Formative research findings from the fast-growing Babati town were used to assess the prevalence of sanitation and hygiene practices among individuals and institutions and associated factors. A cross-sectional study involving household surveys, spot-checks, focus group discussions, in-depth interviews, and structured observations of behaviors showed that 90% of households have sanitation facilities, but 68% have safely managed sanitation services. The most common types of household sanitation facilities were pit latrines with slab (42%) followed by flush/pour flush toilets (32%). Therefore, the management of wastewater depends entirely on onsite sanitation systems. The majority of households (70%) do not practice proper hygiene behaviors.
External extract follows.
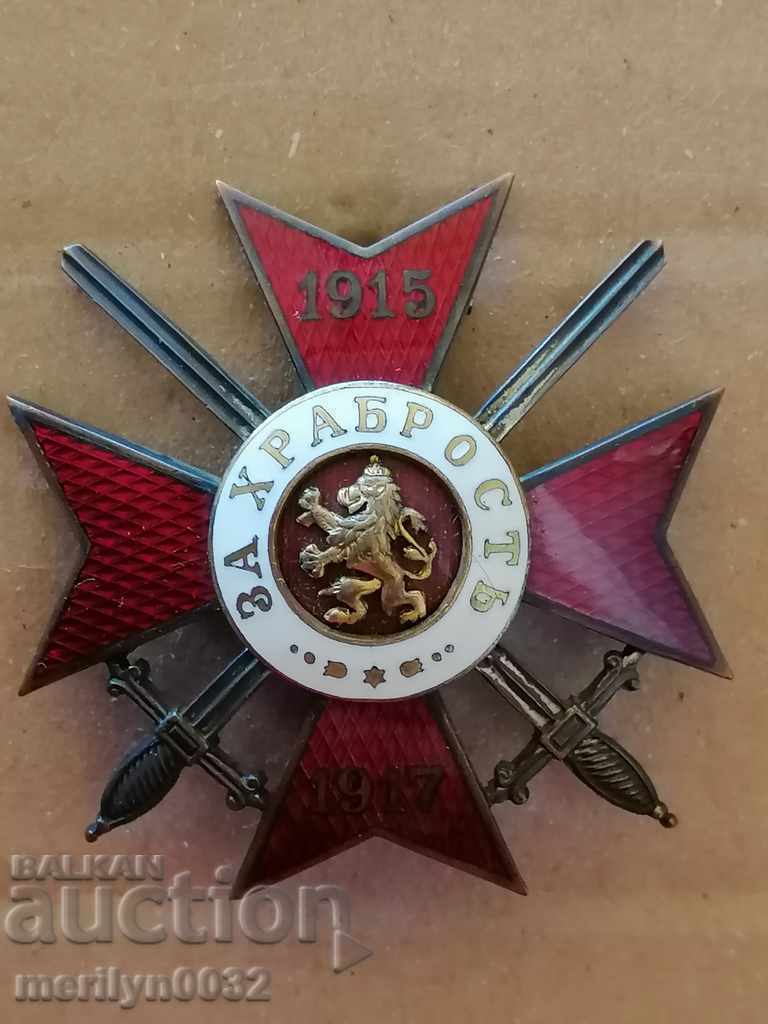 Орден За храброст 4 степен 1 клас Емисия 1917год  WW1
Thirteen percent of the households had handwashing stations with soap and water, handwashing practice being more common to women (38%) than men (18%). The reported handwashing practices during the four critical moments (handwashing with soap before eating and feeding, after defecation, after cleaning child’s bottom, and after touching any dirt/dust) differed from the actual/observed practices. Households connected to the town’s piped water supply were more likely to practice handwashing than those not directly connected. Sanitation and hygiene behaviors of the people in the study area were seen to be influenced by sociodemographic, cultural, and economic factors. The conditions of sanitation and hygiene facilities in public places were unsatisfactory. There is an urgent need to ensure that the sanitation and hygiene services and behaviors along the value chain (from waste production/source to disposal/end point) are improved both at the household level and in public places through improved sanitation services and the promotion of effective hygiene behavior change programs integrated into ongoing government programs and planning.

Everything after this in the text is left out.